Beaming with enthusiasm, chef de cave Vincent Guillemot shared that his grandfather Pierre considers the 2017 vintage a dead ringer for his first-ever produced—the celebrated 1947. I wondered how seventy years later he could recall anything with such precision, but a realization struck me: as with any first, how could he forget? If you never get to try a bottle of that mythical vintage, the 2017s may be the next best thing.

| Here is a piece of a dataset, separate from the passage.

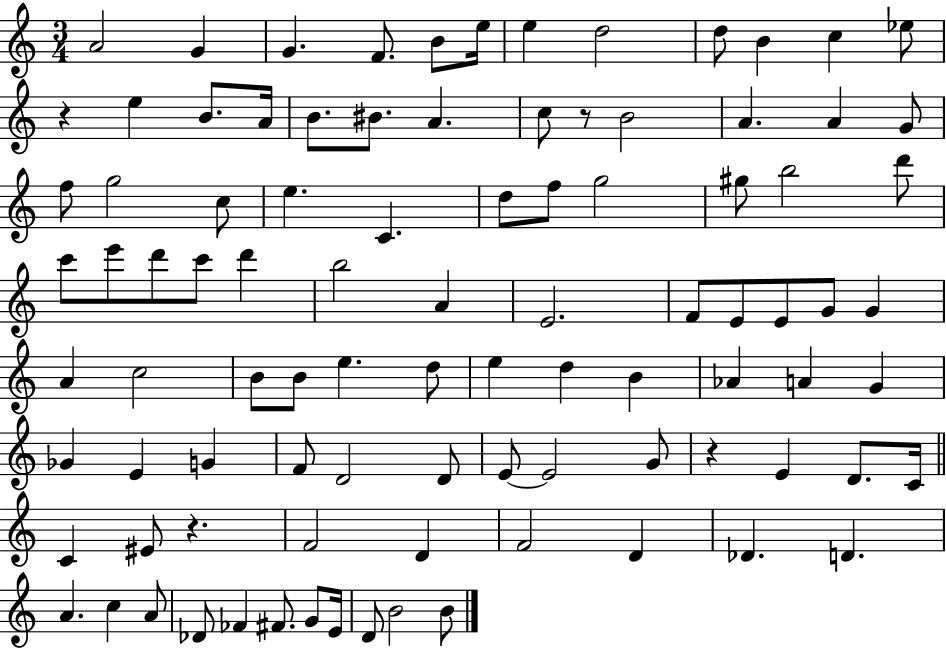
A4/h G4/q G4/q. F4/e. B4/e E5/s E5/q D5/h D5/e B4/q C5/q Eb5/e R/q E5/q B4/e. A4/s B4/e. BIS4/e. A4/q. C5/e R/e B4/h A4/q. A4/q G4/e F5/e G5/h C5/e E5/q. C4/q. D5/e F5/e G5/h G#5/e B5/h D6/e C6/e E6/e D6/e C6/e D6/q B5/h A4/q E4/h. F4/e E4/e E4/e G4/e G4/q A4/q C5/h B4/e B4/e E5/q. D5/e E5/q D5/q B4/q Ab4/q A4/q G4/q Gb4/q E4/q G4/q F4/e D4/h D4/e E4/e E4/h G4/e R/q E4/q D4/e. C4/s C4/q EIS4/e R/q. F4/h D4/q F4/h D4/q Db4/q. D4/q. A4/q. C5/q A4/e Db4/e FES4/q F#4/e. G4/e E4/s D4/e B4/h B4/e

There’s no secret recipe for making a great regional wine, but the Guillemots swear by blending Savigny vieilles vignes from Les Planchots de la Champagne along the Rhoin River with fruit from neighboring Chorey-lès-Beaune. The declassified berries add a touch of cinnamon and warming kirsch notes for an extra boost of local character and typicity. It’s as pretty a Pinot you’ll find in both style and price.
With an irresistible perfume of peony and plum, Guillemot’s flagship Aux Serpentières effortlessly supports their point of view that beauty must be favored over brawn. When tasting at the estate, Vincent will likely pour you an older vintage of this cuvée from an unmarked bottle, and though I can’t predict the year he’ll draw, I suggest guessing a decade or two older than your first impression. This premier cru is a fountain of youth and, though delicate, is quite deceptively built to last.
In the 1930s, Le Rognet et Corton was the first climat granted grand cru status on the Ladoix side of Corton’s slopes—no small feat, since the vignerons on the other side of the landmark hill in Aloxe were staunchly opposed to this upgrade. Sprouting from iron-rich red clay soils, and bathed in sunlight, Le Rognet et Corton is now considered one of the best sites in the village. One taste of Guillemot’s bottling would embarrass any aloxois who made a stink.